4月3日 その⑥
「本当か?」
健吾と秋元梨花の2人は走っていたという証言。それは、俺も共に走ったから事実と言えるだろう。
それにしても、夜21時から5時までずっと走っていたというのか。
「あぁ、部屋の鍵は1つ目のヒントが出されたらすぐにわかったからな」
「アタシもぉ!それで、21時からずっと走っていたわ。早朝に寝始めたのにぃ、もうこんなところに呼び出されてクタクタよぉ!でも、クラスメートが死んじゃってるみたいだしこれ以上愚痴は言わないようにするわ...」
「2人は走っていた理由は───聞かないほうがいいかもな...」
康太は理由を聞くか迷うも、自分の言葉を引っ込める。
「そうしてくれるとオレも助かる。皆と同じような話してはならない課題だ」
「アタシもよ!」
「それで、走っていたのを証明できる人は?」
俺は黙って手を挙げる。
「お、栄君。証明できるのか?」
「あぁ、深夜だから───大体今日の0時くらいだな。一緒にグラウンドを少しだけ走ったよ」
「本当か?」
「あぁ、嘘はない」
「そうか...なら2人を信じることにしよう」
康太はそう言うと、健吾と秋元梨花の2人の方を見た。
「それで、その21時から5時の間に校門から学校に入ってきた人はいなかったんだな?」
「あぁ、いなかった。グラウンドの周りに設置されている蛍光灯もしっかり光っていたし余程のことがない限りは見逃さないよ」
「えぇ、そうね...」
「この学校、裏口ってのはあったか?」
「裏口か...」
「あ、えっと...無いと...思います...」
そう弱々しく発言したのは、東堂真胡だった。
「本当か?」
「はい...課題で少し...」
「そうか...課題って言っても良かったのか?」
「え、あ、うん。私は言ってもいいいって課題だったから...」
「そうか、裏口があるかなんてどちらにせよ見て回ればすぐに真偽はわかるからこんな嘘は付かないとみよう」
康太は教卓の前で顎に手を当てながら考える。
「うーん、とすると犯行は21以前か5時以降に行われたと考えたほうがいいだろうか...」
「そう考えるのが妥当だな。裏口も無いし、空から降ってきたり地中を潜ってやってくるような人はいないよな?」
「そりゃ、そうやろ。空を飛ぶ鳥人間なんてこの学校にいるや言うんや?」
渡邊裕翔と津田信夫が会話を行う。
「その時間、皆が何をしていたか事情聴取するのもいいけれどもそれも時間の無駄かなぁ...どう思う?どうせ、証人がないから無駄になると思うけど...」
「でも、聞くのもいいと思うわ!」
そう提案するのは竹原美玲だった。
「あ、そう...ならば、聞き取り調査を行うか...って言っても皆が皆怪しいからな...確定で私は殺してませんと言える人もいないだろ?ほら、皆にとって俺だって怪しい人の候補の一人なんだし...」
「なら、数人選んで聞き取りを行ったら?」
「そうだな、その提案を受け入れよう!───で、誰を選ぶ?」
「皆で数人選べばいいんじゃないかしら?生徒会のメンバーの最高は6人だから、中村君以外にも6人決めれば仮に選んだ人全員が生徒会でも確実に一人は生徒会じゃない人がいるでしょう?」
そう提案したのは、園田茉裕。
「待ってくれ。殺したのは生徒会だとも限らないだろう?」
「───それはそう...だね」
園田茉裕さんの意見に、康太が真っ向から反対する。急に生徒会の名を出した園田が少し怪しいような気もする。
「じゃあ...どうするの?」
「人数を決めるのも面倒だな...あ、そうだ!」
意見を真っ向から否定され若干の苛立っている園田茉裕が、少し拗ねたように康太に問う。
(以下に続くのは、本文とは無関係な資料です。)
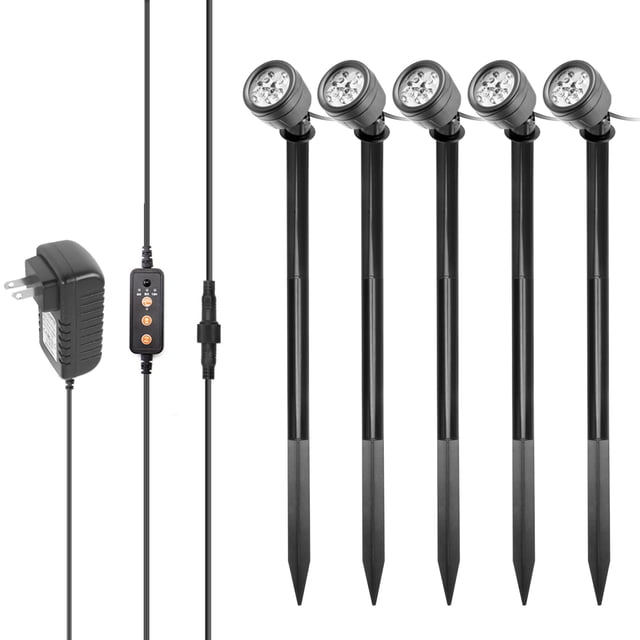 Juego de 5 lámparas de césped para exteriores con 4 LED RGB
「これから、全員の名前を読み上げて投票を行う。それで、4票以上獲得した人が事情聴取に立ち会うってのはどう?」
「賛成だけど、一人何票なの?」
「それも4人にしようと思う」
「どうして4なんだ?」
渡邊裕翔が康太に問う。
「それはだな───」
「自分のチームの味方は3人だ。そのチーム以外のメンバーを最低でも一人では選んでもらうため───だろ?」
「ちょ...俺のセリフ...」
康太がノリノリで答えようとすると、森宮皇斗に答えを取られてしまった。
「そうか...そういう事か...」
「んじゃ、投票を行う!皆、伏せてくれ!事情聴取に適役だと思う人物4人に手を上げてくれ!自分以外のだ!」
俺たちは伏せる。手を挙げる人物は大体決まっていた。そして、クラスメート37名───いや、もう死んでしまった2人と出席していない4人は抜かれているので31名の票が取られた。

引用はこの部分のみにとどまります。